How does that help? Sounds like a terrible product to use.

We need BigInt and I think it’s pretty clear why; the JSON spec demands it. Anything else is just going to require fixing later.

All 29 comments

A solution would be to detect if BiggestInt can hold the integer value and if not, use BiggestUInt.

This would need another JsonNodeKind and branch of JsonNode specifically for uints, which would have no other use outside this specific case (integers between [2^63, 2^64)). A simple alternative is parsing to a float, which is technically what JS does. A JBigNum branch that stores a raw string of the integer is also too specialized, since it is only for integers that are too big and not, for example, floats that have more than 18 decimal digits.

I’ve had this problem for ages. As far as I can tell, JSON doesn’t define a range for integers and unfortunately, we cannot complete a parse successfully when our native type cannot hold the JSON integer value.

The right solution fixes our stdlib, I think, but someone who cares about our hooks system should weigh in with a sympathetic design.

What do our other 3rd-party JSON libraries do?

We should parse to float for these cases.
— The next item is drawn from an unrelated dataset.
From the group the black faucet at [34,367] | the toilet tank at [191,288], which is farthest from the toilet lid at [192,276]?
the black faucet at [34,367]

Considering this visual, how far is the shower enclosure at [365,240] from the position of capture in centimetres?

Or maybe pretend it's a string literal. UInt64 solves nothing.

Should be doable by fixing https://github.com/nim-lang/Nim/issues/14696#issue-640117621

It will be very tricky for caller to handle logic that normally a JInt is expected, but if the value greater than some value it is a JFloat and lose precision silently. IMHO, throwing an error make sense.

If the library was generic on the integer type then the user could choose appropriate type for their use case including a bigint from nimble. Is it possible to make it generic with a default to BiggestInt without breaking compatibility?

D's std.json (see https://dlang.org/phobos/std_json.html) handles large uint's correctly; nim can handle them correctly too.

import std.stdio;
import std.json;
void main(string[]args){
  string s = "9223372036854775808";
  JSONValue j = parseJSON(s);
  assert(j.toString == "9223372036854775808");
  assert(j.type == JSONType.uinteger);
  assert(j.get!ulong == 9223372036854775808);
}

(note that https://github.com/dlang-community/std_data_json or https://vibed.org/api/vibe.data.json/ is more popular)

@timotheecour Whats JSONType.uinteger a Big Int basically?.
I think that silently losing information into floats is not good workaround, need Big Int on stdlib.

Whats JSONType.uinteger a Big Int basically?.

no, it's an enum member encoding the parsed type; see code here: https://github.com/dlang/phobos/blob/master/std/json.d

here are how these map to internal D types:

struct JSONValue
{
    import std.exception : enforce;

    union Store
    {
        string                          str;
        long                            integer;
        ulong                           uinteger;
        double                          floating;
        JSONValue[string]               object;
        JSONValue[]                     array;
    }
    private Store store;

and here's the parsing logic:

                    if (isNegative)
                    {
                        value.store.integer = parse!long(data);
                        value.type_tag = JSONType.integer;
                    }
                    else
                    {
                        // only set the correct union member to not confuse CTFE
                        ulong u = parse!ulong(data);
                        if (u & (1UL << 63))
                        {
                            value.store.uinteger = u;
                            value.type_tag = JSONType.uinteger;
                        }
                        else
                        {
                            value.store.integer = u;
                            value.type_tag = JSONType.integer;
                        }
                    }

which is hopefully self explanatory: it tries to fit into a integer (mapping to D's long, or nim's int) unless it's positive and doesn't fit into an integer, in which case it maps to uinteger (D's ulong, nim's uint)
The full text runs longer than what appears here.